Speaking of Aps, many Aps have internet access built in… many, in fact… but most of them only allow the user to access their materials, game page, etc. However, others have built in search engines! Facebook’s Ap is one of these. In order to surf the web, one need only open the Ap and click a link. Since it is what it is, the access will go around any other kind of filter.
Be aware of which Aps are on your child’s device and what their capacities are.
Did you know that your family’s game system probably also has internet capacity? Your Play Station, Xbox, and even your Wii can get online and search online with little effort.
Netflix and other movie systems often have access to all kinds of movies, documentaries, and shows with ratings of all kind… unless you intentionally create settings and passwords. In fact, many modern televisions come equipped with direct internet access! Does yours?
There is another issue as well:
Too often parents are also unaware of what goes on in their child’s texting life… all 3000 of the monthly texts
Too many kids are foolishly (and kids are foolish) sending sexual texts; like historically used to happen with Facebook and email. Texts are even less accountable in nature.
Something came up in my office a year or so ago: a middle school girl had sent a topless photo of herself, via text, to her boyfriend. Showing off, he sent it to a few of his friends… one apparently out of state. In that moment, he had unknowingly broken federal trafficking child porn laws!
Like so many powerful things, there is little room for error with the internet.
Unlike most powerful things, the internet is easily accessible to virtually everyone with no training necessary… and no decades for a system of ethics to develop and be trained into us.
It is vital that we are diligent to monitor our children’s texting habits.

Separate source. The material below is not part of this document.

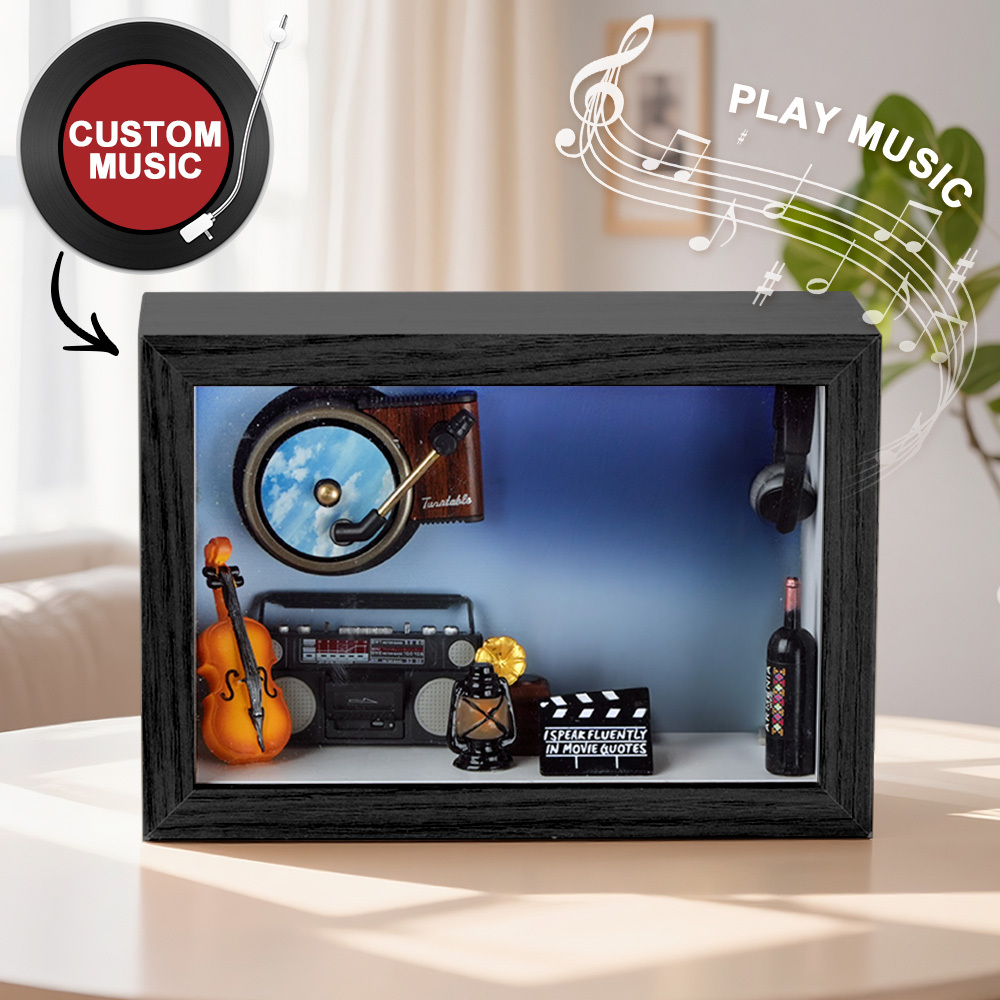 Custom Photo Plush Doll Pillow Music Box Personalized Music Player Mini Phonograph Gift for Her - soufeelmy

And something you may not know is that many Aps have additional texting capabilities – many games have chat rooms for talk between the players, but there is little-to-no policing of that activity. One game I play has one comment thread that is 18 and over only for crass humor but there isn’t any way to police it.
Numerous Aps and other programs that are otherwise kid-friendly have text capacities or internet access.
Honestly, there is nothing equivalent to being involved enough to see what is going on in your children’s life… make sure you are aware of what they are doing and what access they have… who knows, you might even enjoy some of the same programs.
The way we handle this is: we only use one itunes account shared by the children and me… furthermore, the kids cannot purchase or without the password that only my wife knows (and my office manager)… and we will continue this through their childhood and teen years… once we approve an ap or program, they can play it, but we can still be aware of them – because they automatically upload on my devices too!
Stay in touch. Be aware. Too many moms and dads aren’t even aware of all of the portals for the internet in their homes… don’t let that be you.